# MTM Ammo Belt Pouch - Perfect For Plinkers



## ryguy27 (Nov 8, 2013)

While At The Store Yesterday I Saw This Pouch, And For 3 Dollars I Decided To Buy It.

This Is Not Me. This Is A Sample Image Of The Product.








It Is A Small Plastic Container With A Clip On The Back To Be Clipped To Your Pocket Or Your Belt. I Haven't Counted Exactly, But It Holds At Least Two Dozen 1/2" Balls. It Is Cheap, However It Is Very Good Quality, The Hinges Work Well, And The Top Closes Tight. My Favorite Part About It Is That It Can Clip To A Belt, Or ,If You Don't Wear Belts, It Can Clip To Your Pocket. The Only Downside To This Is That It Is Noisy As You Walk Or Run, Therefore I Would Say This Is Ideal For Target Shooters. Hunters Who Are Trying To Stay Quiet Should Probably Get A Soft Pouch Instead Of This Plastic One. I Have Been Using This And I Would Recommend It To Any Target Shooter.


----------



## Samurai Samoht (Apr 6, 2013)

I like it.  Thanks for sharing.

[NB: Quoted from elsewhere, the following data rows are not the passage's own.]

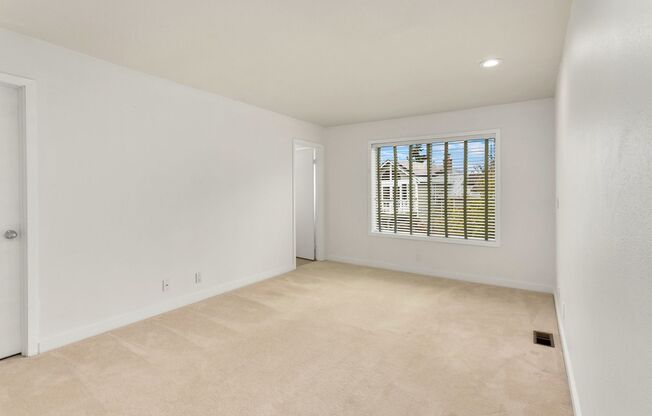 3 beds, 3.5 baths, $6,100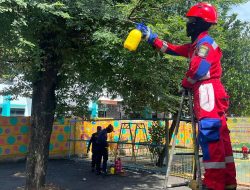 TPA Saung Sirih Diserbu Ulat Bulu, Damkarmat Kota Bekasi Turun Tangan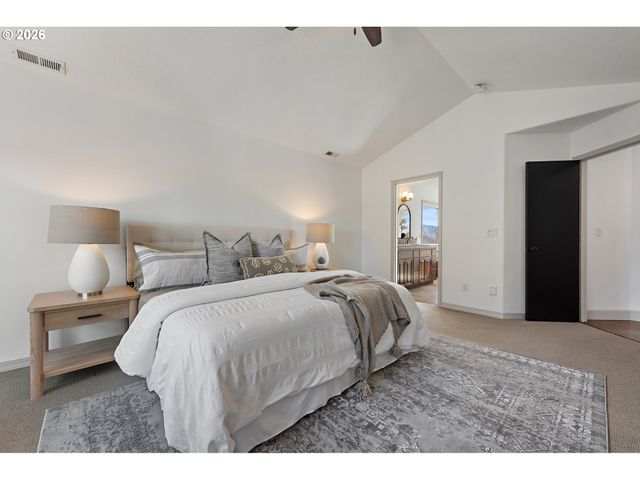 4423 Nw ASPEN Ct, Camas, WA 98607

To make it a little quieter I imagine it could be lined with some kind of fabric to dampen the rattle. Could throw a magnet inside, if you are using steel ammo, and that would reduce the rattle as well.

Tom


----------



## Devoman (Oct 15, 2010)

Yep magnet works great!


----------



## Aries666 (Feb 22, 2014)

You could also line the inside with thick fabric to reduce noise.


----------



## Blade (Jun 5, 2014)

Throw a few torn up cotton balls in there.


----------